- [REQUIRED ACTION]: Could you restate word for word the lines running from the one with "IMARS Urban Tribe Print Mini Wallet Tan" to the end of the data, both ends included, but without pictures?

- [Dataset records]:
☆ ☆ ☆ ☆ ☆

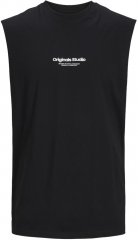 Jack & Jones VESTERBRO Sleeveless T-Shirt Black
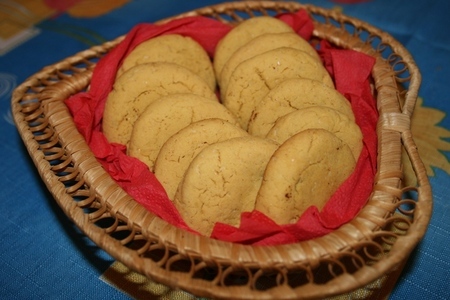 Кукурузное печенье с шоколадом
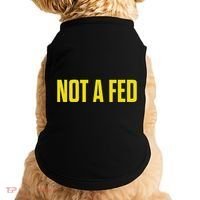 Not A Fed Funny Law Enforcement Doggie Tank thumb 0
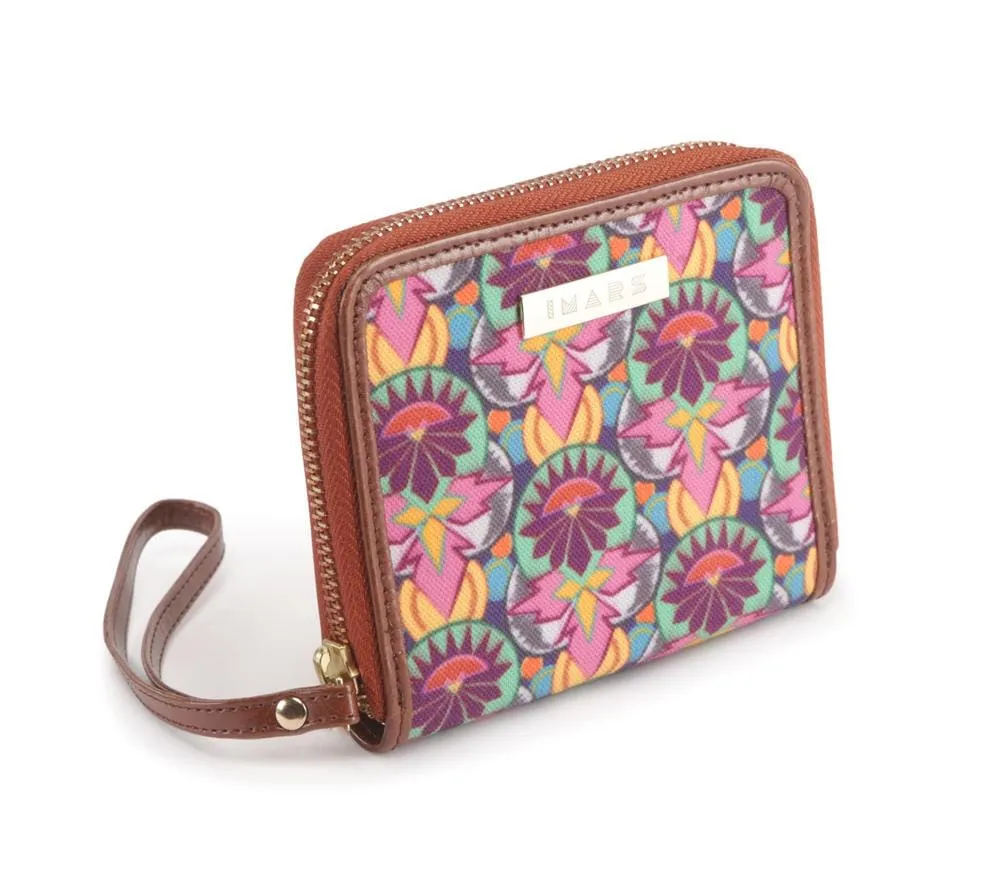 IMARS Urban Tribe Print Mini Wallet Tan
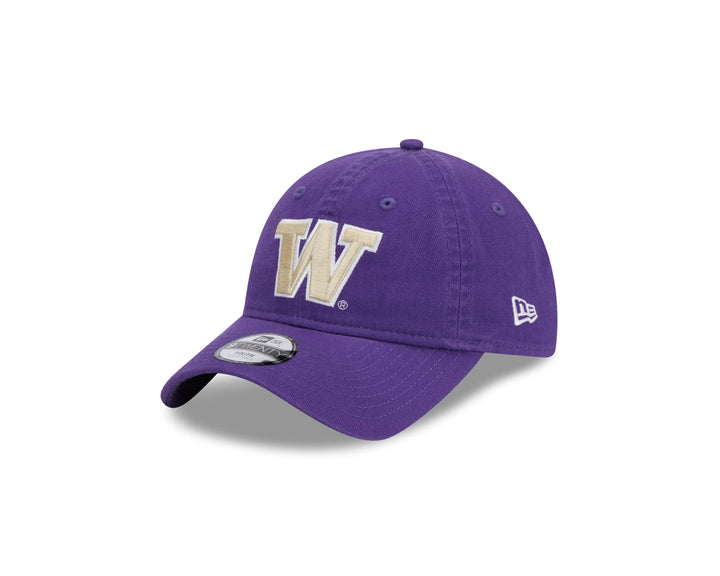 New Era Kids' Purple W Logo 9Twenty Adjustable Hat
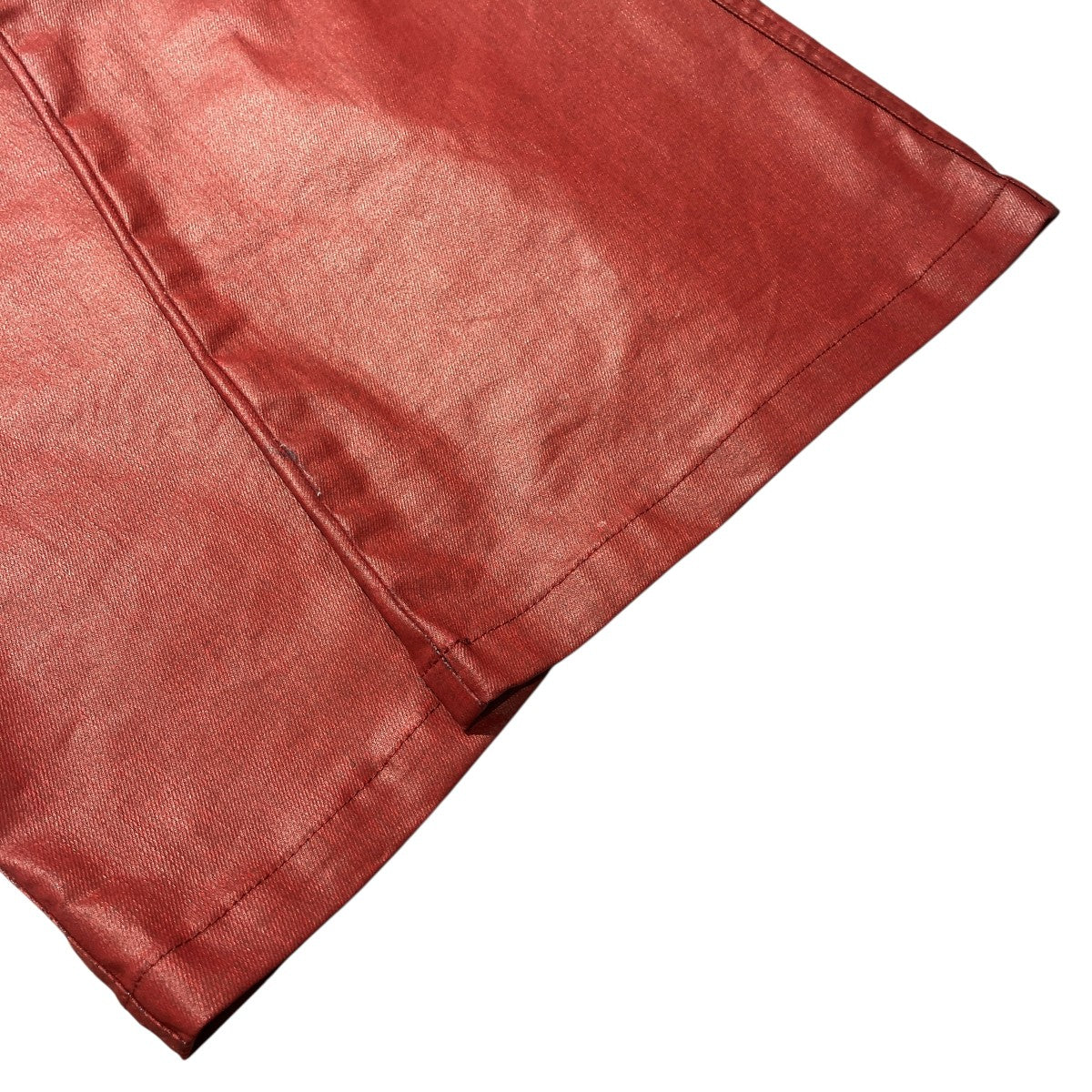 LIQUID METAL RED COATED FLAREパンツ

☆ ☆ ☆ ☆ ☆

- [REPLY]:
 IMARS Urban Tribe Print Mini Wallet Tan
 New Era Kids' Purple W Logo 9Twenty Adjustable Hat
 LIQUID METAL RED COATED FLAREパンツ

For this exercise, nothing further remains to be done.